Often when we see a loved one struggling with grief, our first instinct is to try and fix the problem. Sadly, some things simply cannot be fixed. People want to fix the problem, but nothing they do can return a lost child to a grieving parent. So they try to fix the grief itself, but nothing they say can put down that wolf. So some then try to fix the person, encouraging them to improve themselves or recover more quickly. Anyone who has ever dealt with profound loss can tell you that this is DEVASTATING.


When you’re already giving everything you have just to survive, having your loved ones try to push you towards resolution can be so intimidating that it actually does more harm than good. Grief is a natural process and moves at its own pace. To try to push someone through it is like trying to help them heal by forcing them to start jogging on a barely mended leg.

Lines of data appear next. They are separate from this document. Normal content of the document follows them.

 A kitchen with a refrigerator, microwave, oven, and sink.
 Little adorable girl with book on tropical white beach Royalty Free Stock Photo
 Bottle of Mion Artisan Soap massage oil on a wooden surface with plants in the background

All it will do is damage an already frail part of themselves and cause them pain. Possibly enough pain that they will push away anyone else that comes near them out of a fear that it will happen again.


In the Sagas, those closest to the grievers didn’t try to ‘fix’ them. They didn’t try to make things better, because no action, regardless of intent, can bring back a lost loved one. Instead, they stayed with the griever, supported them through their mere presence. Those who were grieving were allowed to process all of those emotions in their own time and in their own way. Their friends were there when they needed to ask for help, but they didn’t try to lead the griever to resolution. Instead of telling the person to fight off the wolf with a sword they didn’t have, they stood ready to help when the person fighting the wolf asked for it. However they asked for it.

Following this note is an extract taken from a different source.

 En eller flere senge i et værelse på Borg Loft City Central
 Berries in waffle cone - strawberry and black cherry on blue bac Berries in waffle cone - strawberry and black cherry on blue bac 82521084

Only the person who is grieving can find the resolution. Just as the wolf alone knows all your weaknesses, so too are you the only one who can see the beast for what it is. All anyone can do to help is be there. When your loved ones are grieving, listen to them, be at their side. Be willing to suffer with them, just so that they don’t have to suffer alone. Don’t try to offer sage advice, there’s no way you can know the beast they’re grappling with. Don’t try to ‘tough love’ them into being stronger, all you’ll do is feed the wolf. Let them take it at their own pace, and when they tell you what they need from you, listen. It’s not easy, but it’s the only way to help with the healing process.



In the end, the people who make the greatest difference in our hour of need are not those who want to try to heroically lead us out of the darkness, it’s the ones that are willing to follow us into that darkness to whatever end.